# THE PROBLEM
From the entries below, write out exactly the lines between the line holding "मोदी विश्वविद्यालय के खिलाफ महामारी एक्ट के तहत मामला दर्ज मोदी" and the line holding "サイズ：1 カラー：ブラック 万代Net店", inclusive, excluding any pictures.

# DATA UNDER STUDY

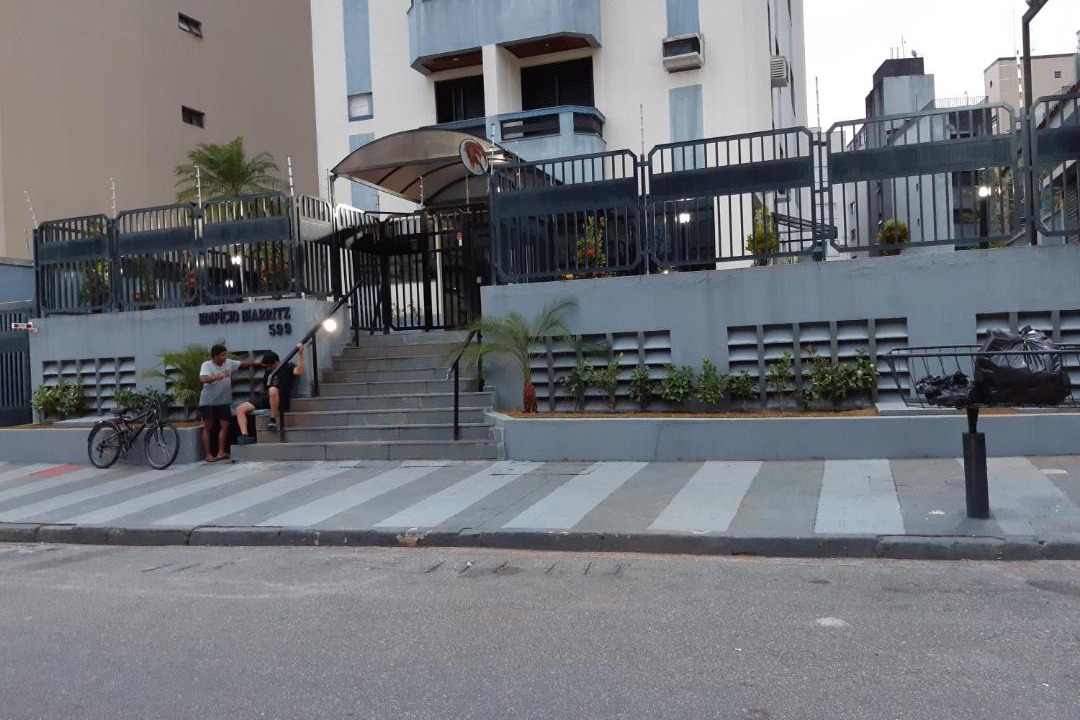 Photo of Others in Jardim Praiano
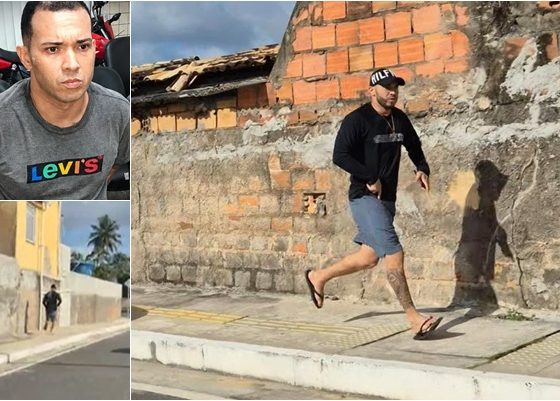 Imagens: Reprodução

* * *

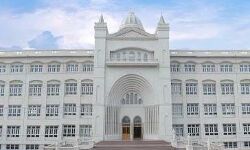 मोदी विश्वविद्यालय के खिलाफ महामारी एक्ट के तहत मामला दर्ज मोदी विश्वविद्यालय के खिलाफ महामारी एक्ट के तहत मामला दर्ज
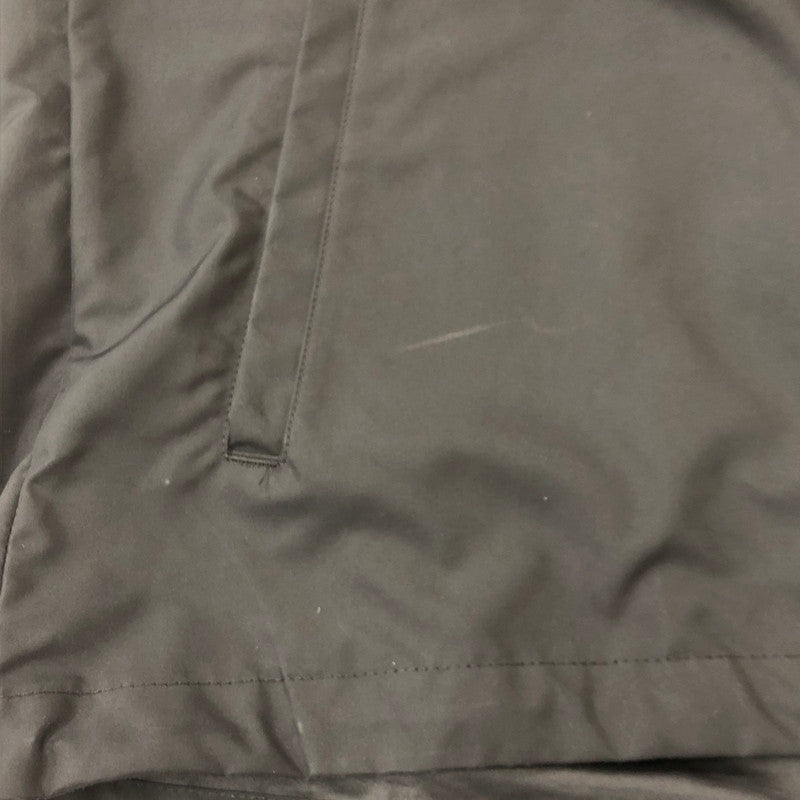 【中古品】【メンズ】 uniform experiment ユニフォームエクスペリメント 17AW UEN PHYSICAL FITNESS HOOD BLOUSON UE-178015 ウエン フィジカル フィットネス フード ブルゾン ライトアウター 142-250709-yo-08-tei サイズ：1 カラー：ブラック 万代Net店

# WRITTEN REPLY
 मोदी विश्वविद्यालय के खिलाफ महामारी एक्ट के तहत मामला दर्ज मोदी विश्वविद्यालय के खिलाफ महामारी एक्ट के तहत मामला दर्ज
 【中古品】【メンズ】 uniform experiment ユニフォームエクスペリメント 17AW UEN PHYSICAL FITNESS HOOD BLOUSON UE-178015 ウエン フィジカル フィットネス フード ブルゾン ライトアウター 142-250709-yo-08-tei サイズ：1 カラー：ブラック 万代Net店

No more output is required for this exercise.